目录
1.知识点
- RichSourceFunction-自定义生成测试数据
-
自定义ProcessWindowFunction[IN, OUT, KEY, W <: Window]
-
设置水印之assignAscendingTimestamp
2.业务目标
每5秒钟计算前1小时或1天的各渠道下的各行为数据
窗口:1天
步长:5s
维度:渠道(appstore、weibo、weixin、tieba)、行为(浏览、下载、安装、卸载)
输出格式:窗口时间、渠道、行为、count
MarketViewCount(2021-07-01 15:15:40.0,2021-07-02 15:15:40.0,tieba,uninstall,305)
MarketViewCount(2021-07-01 15:15:45.0,2021-07-02 15:15:45.0,weibo,uninstall,301)
MarketViewCount(2021-07-01 15:15:45.0,2021-07-02 15:15:45.0,appstore,uninstall,274)
MarketViewCount(2021-07-01 15:15:45.0,2021-07-02 15:15:45.0,wechat,uninstall,281)
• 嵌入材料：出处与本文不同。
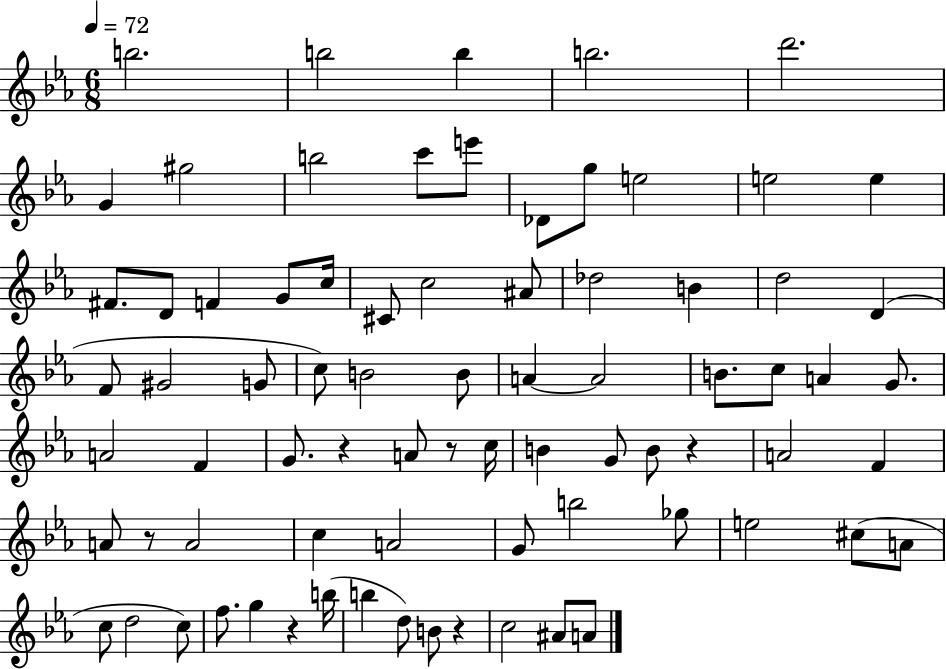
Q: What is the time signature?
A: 6/8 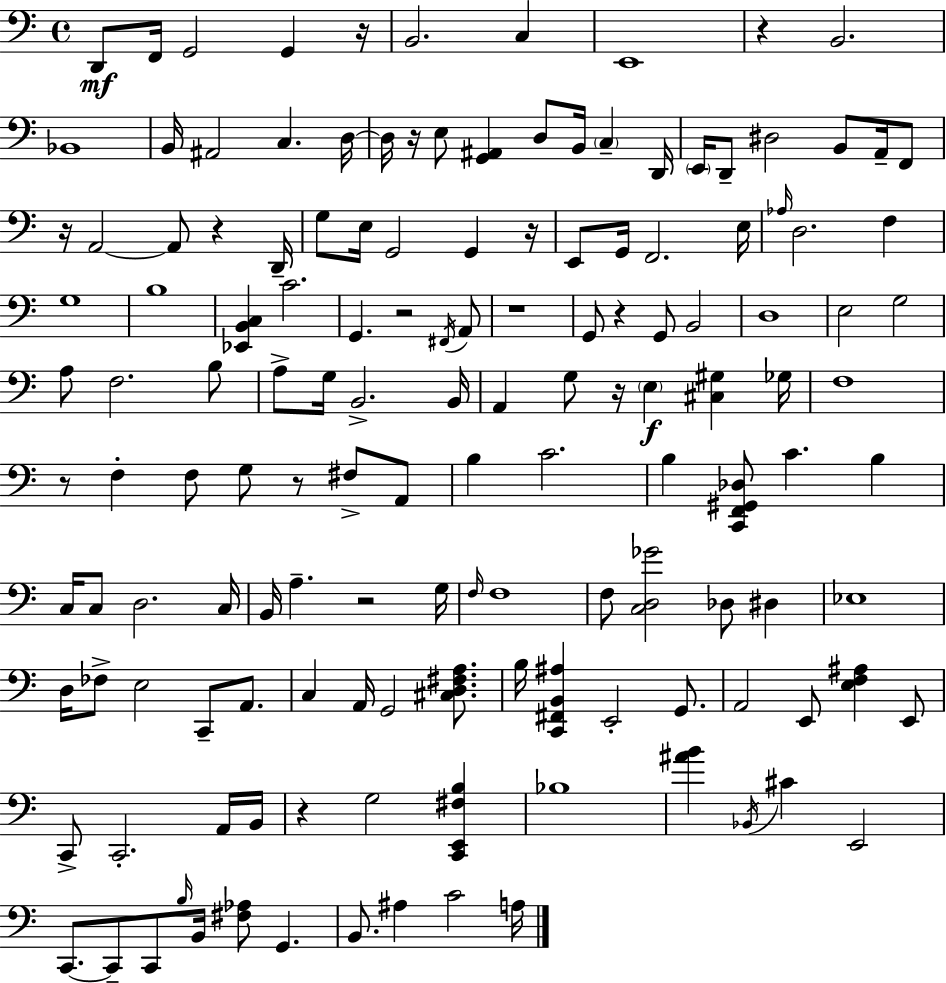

MarketViewCount(2021-07-01 15:15:45.0,2021-07-02 15:15:45.0,tieba,uninstall,314)
MarketViewCount(2021-07-01 15:15:50.0,2021-07-02 15:15:50.0,weibo,uninstall,309)
3.流程心法
- 总体流程:
定义输入样例类---->定义输出样例类---->自定义数据源继承RichSourceFunction---->主object
- 主object
1)创建执行环境
2)添加自定义source
3)开窗统计结果(filter、keyby、timewindow、process大招引入 ProcessWindowFunction):既然进行了keyBy,设置了窗口,那么既可以用大招调用process,调用自定义的ProcessWindowFunction,所有的keyby数据都集中在一个窗口中进行处理
4) 自定义ProcessWindowFunction
4.模块详解
4.1定义输入样例类
用户id/用户行为/渠道/时间戳
case class MarketUserBehavior(userId: String, behavior: String, channel: String, timestamp: Long)
4.2定义输出样例类
窗口开始时间、窗口结束时间、渠道、行为、次数
case class MarketViewCount(windowStart: String, windowEnd: String, channel: String, behavior: String, count: Long)
4.3自定义数据源继承RichSourceFunction
- 自定义数据源,那么应该有运行和结束的标志位,可以控制什么时候结束生成;还要定义用户行为的集合以及渠道的集合seq
- 分析RichSourceFunction,从源码看出RichSourceFunction继承 AbstractRichFunction 实现了SourceFunction接口,最终需要实现SourceFunction中的run 和cancel
public abstract class RichSourceFunction<OUT> extends AbstractRichFunction implements SourceFunction<OUT> {
private static final long serialVersionUID = 1L;
public RichSourceFunction() {
}
}
public interface SourceFunction<T> extends Function, Serializable {
void run(SourceFunction.SourceContext<T> var1) throws Exception;
void cancel();
@Public
public interface SourceContext<T> {
void collect(T var1);
@PublicEvolving
void collectWithTimestamp(T var1, long var2);
@PublicEvolving
void emitWatermark(Watermark var1);
@PublicEvolving
void markAsTemporarilyIdle();
Object getCheckpointLock();
void close();
}
}
完整实现RichSourceFunction如下:
class SimulatedSource() extends RichSourceFunction[MarketUserBehavior] {
//是否运行的标识位
var running = true
//定义用户行为和渠道的集合
val behaviorSet: Seq[String] = Seq("view", "download", "install", "uninstall")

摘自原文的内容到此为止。